The defense missed far too many points. 35-plus points were possible in seven of the last eight weeks of the season. Over the past three seasons, it has ranked seventh, seventh and ninth among Missouri Valley Football Conference teams in points allowed.

AND was terrible on the road too. Over the last six seasons, the Fighting Hawks are 7-for-25 from the Alerus Center. They are 1-11 in their last 12 away games.

UND was unable to make deep playoff runs for the FCS.

To achieve that, you usually need a good defense and enough road wins in the regular season to secure a spot so you can camp at home in the playoffs. Only one of the last 15 FCS champions won an away game en route to the title. That was James Madison in 2016.

With the last month fresh in your mind, it’s easy to lose track of where Schweigert has taken the program.

Go back to 2013.

Schweigert took over a UND team that had lost five of its last six home games. He leaves UND as a program that has lost five of six home games Years. He made the Alerus Center an intimidating place for opponents again. UND was 30-5 in Schweigert’s last 35 games in Grand Forks.

Schweigert took over a UND team that had lost six games by more than two touchdowns the previous year and wasn’t remotely close to an FCS playoff-caliber program. He leaves UND as a program that makes the playoffs at least once a year. Schweigert reached the playoffs four times in his last six years.

Schweigert won UND a Big Sky Conference football title.

A few years later, UND moved to the Missouri Valley Football Conference, where for years it was said that it would lose against better competition. With Schweigert’s departure, UND has a better record in the Missouri Valley than in the Big Sky – and a Missouri Valley regular-season title to boot.

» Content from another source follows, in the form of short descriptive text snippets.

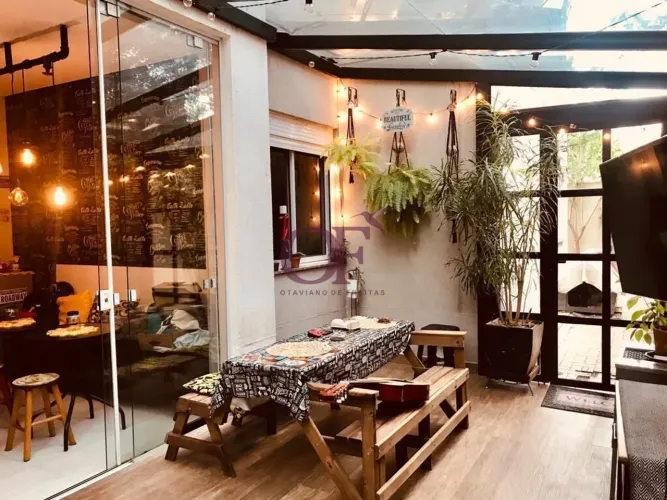 APARTAMENTO À VENDA NO CONDOMÍNIO FOREST HILLS  JUNDIAÍ/SP
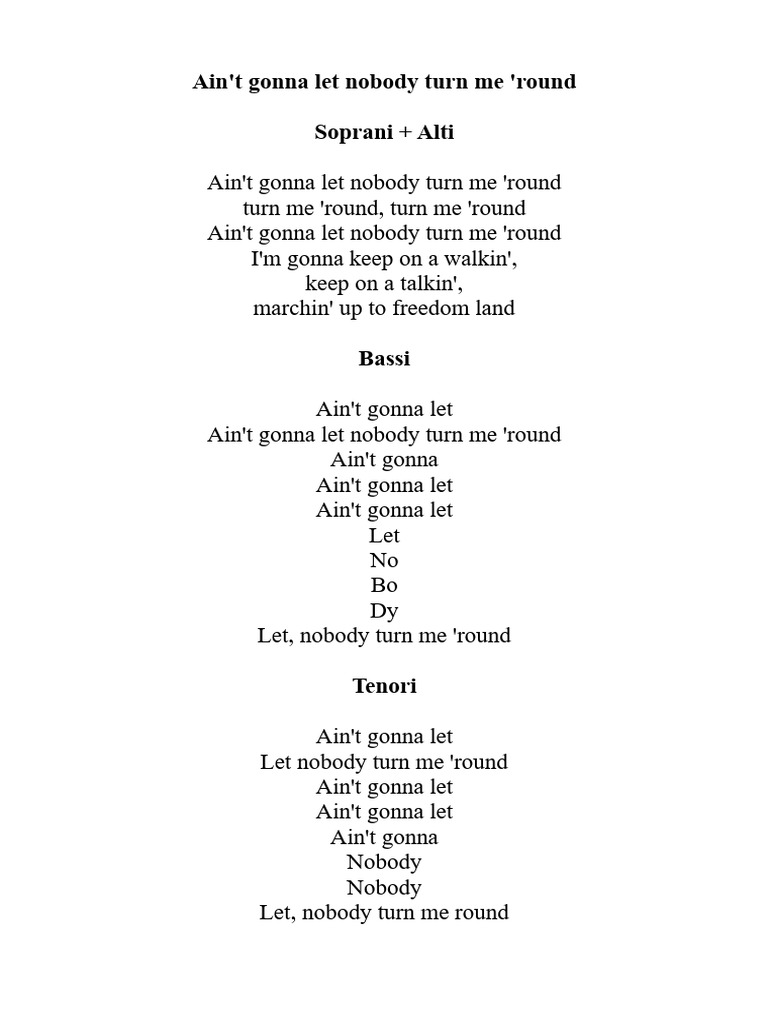 ain-t-gonna-let-nobody-turn-me-round-paroles-pdf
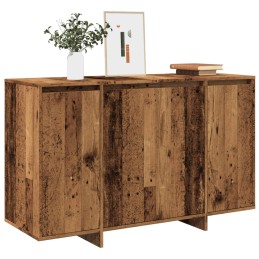 Sideboard Altholz-Optik...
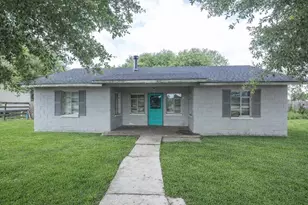 14889 N State Hwy 19, Palestine, TX 75803 - Photo 1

Imagine telling a UND football fan in 2013 that UND would win a Big Sky title, a Missouri Valley title, a double-digit FBS win, and Montana, Northern Iowa and North Dakota State with them in the next decade would hit more than three touchdowns at home. They would have registered quickly.

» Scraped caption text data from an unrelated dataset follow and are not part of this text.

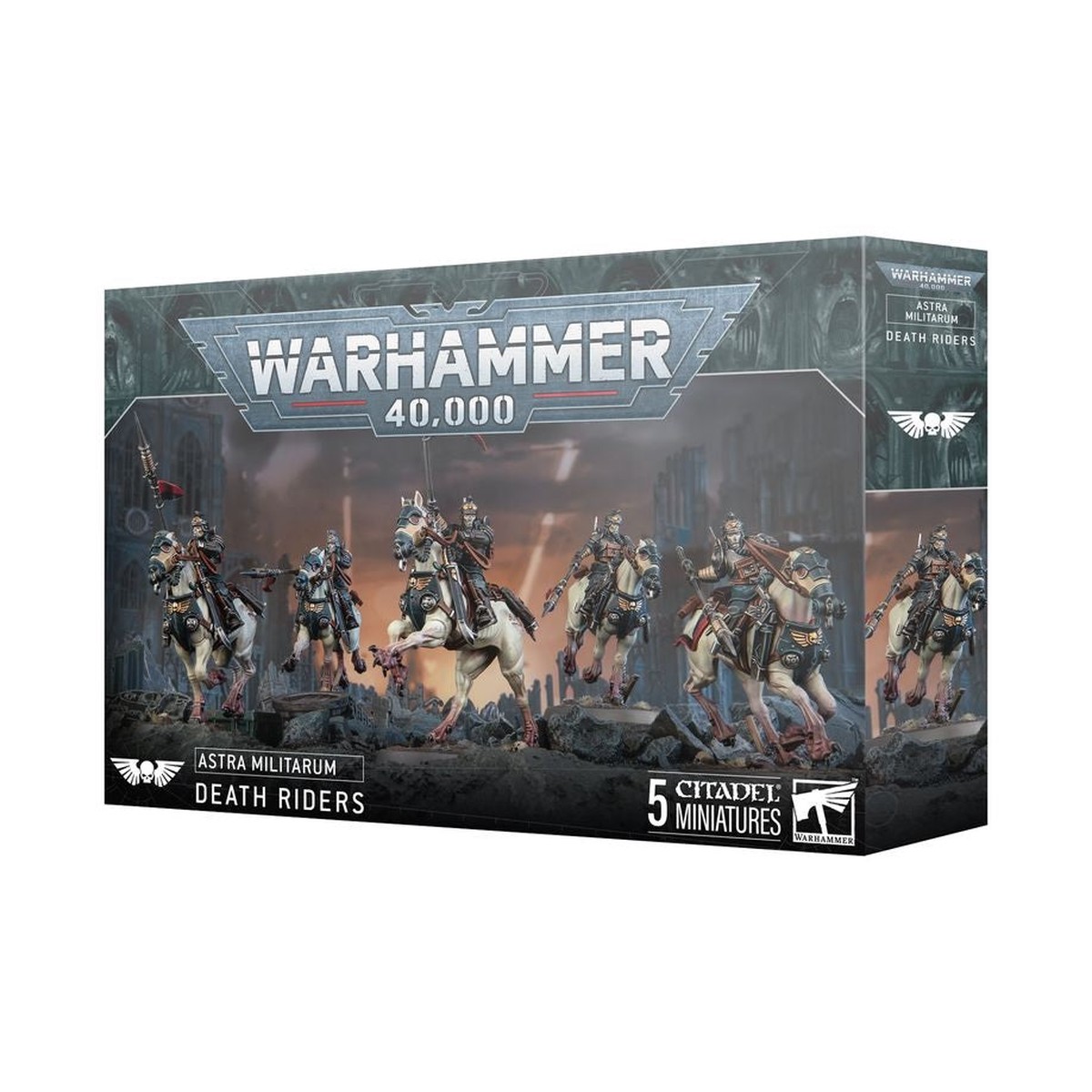 warhammer-40000-astra-militarum-death-riders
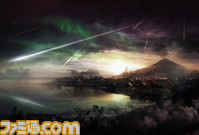 14_RoD_kurilcity_04
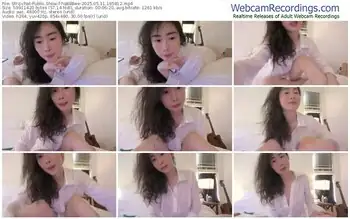 stripchat-ha888we-05-11-2025-16-58-12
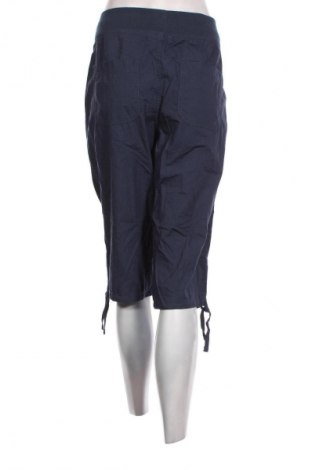 Dámske nohavice My Style, Veľkosť L, Farba Modrá, Cena  9,86 €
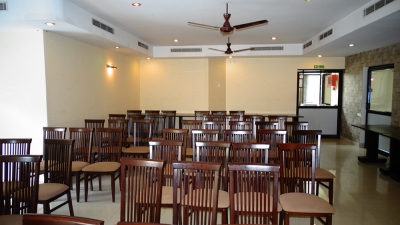 Kolathur Ayurved Speciality Hospital And Research Center 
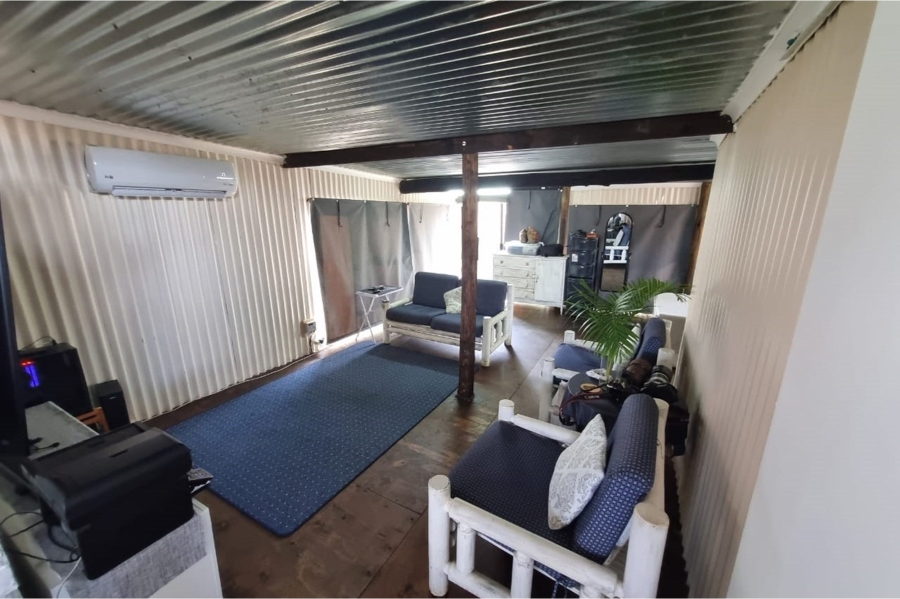 3 Bedroom Property for Sale in Marloth Park Mpumalanga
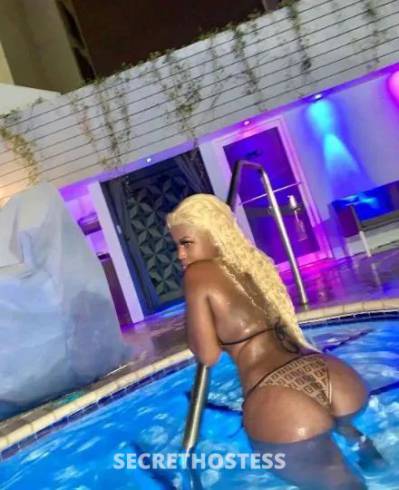 26 year old Escort in Newport News VA xxxx-xxx-xxx Seductive Hatiain Vixen here New Intown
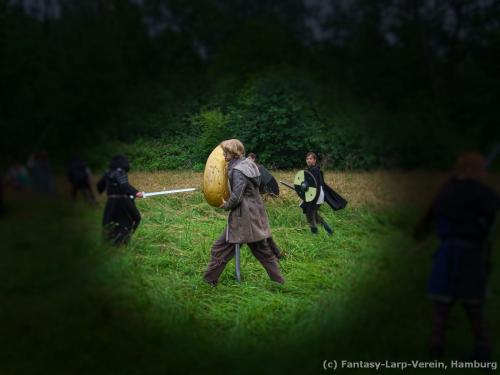 Intern-Fantasy-LARP-Verein-Ela-Inura9-0723-287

No, UND never managed to become a true FCS national championship contender.

But Schweigert hands over the program in a completely different state than at the beginning.

Behind the scenes, Schweigert helped raise funds to build new facilities. A state-of-the-art indoor practice facility was created. A new theater and team meeting rooms were opened this year. A new locker room and weight room will open near old Memorial Stadium next year as part of the next phase.

The new coach’s job isn’t to save a faltering program. Schweigert did that.

He’s passing the baton to a perennial top-25 program with some of the best facilities in FCS. The distance UND has traveled over the last decade is greater than the distance between UND and the top of FCS.

Schweigert didn’t quite make it.

But don’t forget where AND was when it started and where it ended.

Brad Elliott Schlossman

By Brad Elliott Schlossman

Schlossman has covered college hockey for the Grand Forks Herald since 2005. He has been recognized by the Associated Press Sports Editors as the best beat writer for the Herald’s circulation department and once as the North Dakota Sportswriter of the Year. He lives in Grand Forks. Reach him at [email protected].